Rosenfeld, the criminologist, doesn’t second-guess the police presence or how officers have handled situations in the Loop, He said he feel that concerns raised by merchants are reasonable.
“There will be a need for a police presence, but you have to make sure the presence doesn’t escalate the situation,” he says.
Some critics seem to link teens in the Loop to the April 9 incident in which a police officer allegedly was assaulted at the Delmar Metro station east of the heart of the Loop. But the suspect, Chicory Griffin of north St. Louis County, was 21, not a teen.
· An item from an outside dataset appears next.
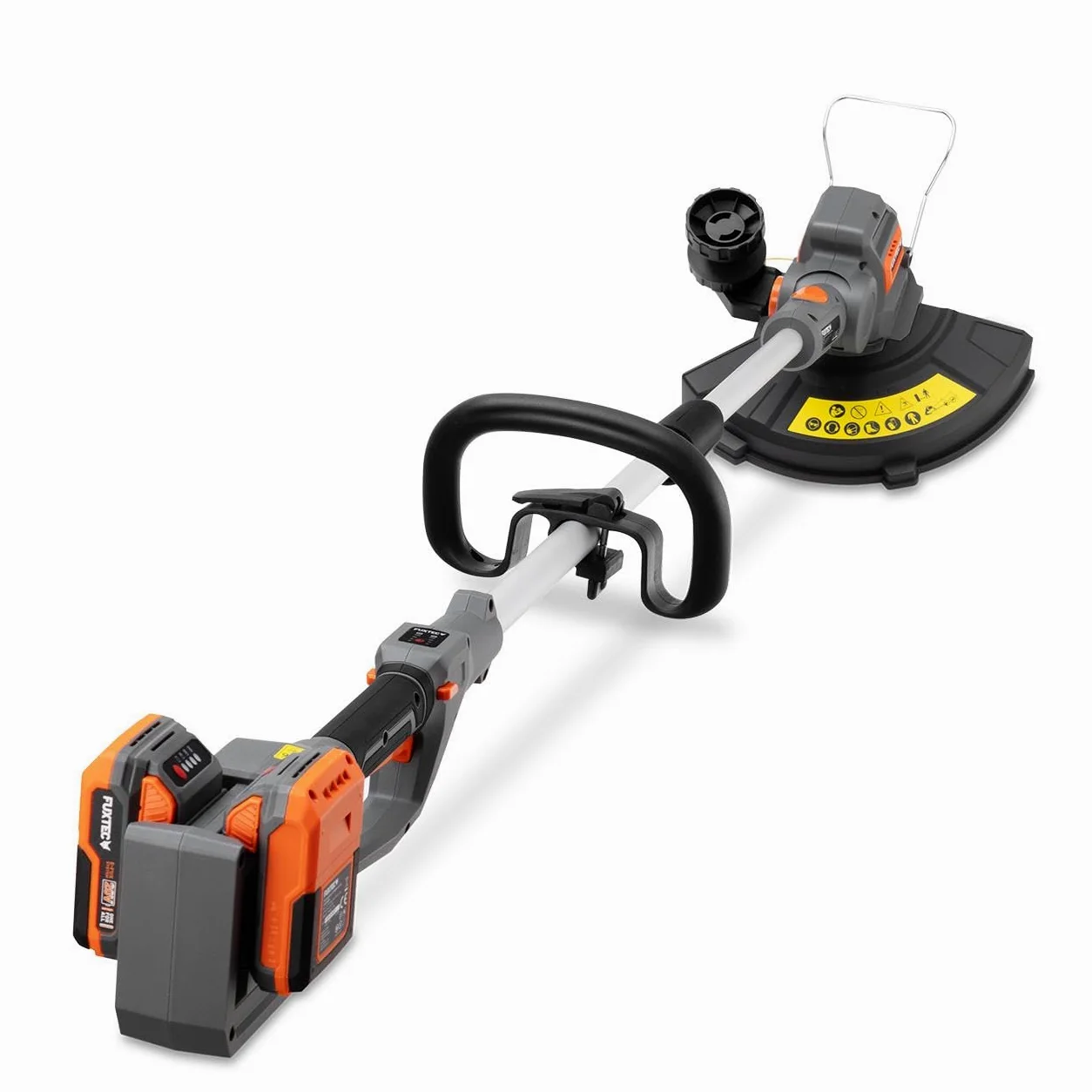 FUXTEC Coupe-Bordures sans Fil FX-E2RTSET • système de Batterie 2x20V • Largeur de Coupe 30 cm • Manche télescopique 138,5 à 173,5 cm 8 000 TR/Min • Arceau de Protection des Plantes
Police say the officer suffered a minor head injury when taking Griffin into custody during a gathering of at least 50 individuals at the Delmar station. Police said most of them were juveniles.
Public reaction to the issue itself is mixed, with a variety of solutions both proposed and dismissed.
Finn Esbensen, chair of UMSL’s Criminology Department, says St. Louisans would be misguided if they buy into the argument that teens have nothing to do. He says all his research across the country shows that kids repeatedly say there’s nothing to do no matter where they live.
“It’s the perception that they have that if anything is structured, that means it’s not good to do.”
Some, though, like Cathy Farrar, of O’Fallon, would like to see “more walking patrols that are friendly with kids yet professional. There is a strong distrust or dislike of law enforcement by some kids.”
Jen Amunategui of Florissant strongly backs a tighter curfew, saying “I’m selfish enough to want a peaceful outing.”
A different viewpoint comes from Sarah Griesbach of St. Louis. She decries “the sight of police hassling all of these kids without a fun weekend hangout.” She also says St. Louisans “keep embarrassing ourselves by kicking the black youth out of public places.”
Others challenge that view.
“It isn’t an issue of color,” says Mark Ashby of Clayton, “but of behavior and lack of respect for civil behavior. The real issue is that young black folks here are not held accountable to social mores of civility and respect. It’s about ‘taking’ and ‘getting mine.’ ”
Some communities are introducing new programs to engage their teens. One is a youth initiative in Ferguson, says the Rev. Steve Lawler, rector of St. Stephen’s Episcopal Church. “We’re experiencing some of the same concerns” as in University City, he says. “We have a lot of great kids, but they have a lot of time on their hands and they want to wander around and hang out.”
Flint W. Fowler, president of the Hoover Boys & Girls Club, says activities at his organization mean teens spend less time at sites such as the Loop.
“Young people benefit from structured, supervised activities in a safe environment. Unfortunately, many youth have not developed the social and cultural competencies needed to effectively navigate every environment. Herbert Hoover Boys & Girls Club provides mentoring and other activities that bring caring adults into the lives of kids who can help guide and encourage their development. The earlier these relationships are formed, the more effective they will be.”
A broader proposed initiative comes from University City Mayor Shelley Welsch. She says that teens are lured to the Loop partly because of curfews in many area shopping malls.
“I’d like to start a regional conversation on how the city, county and municipalities might work together to make clear what opportunities exist for kids so that they can have something to do other than just hang out.”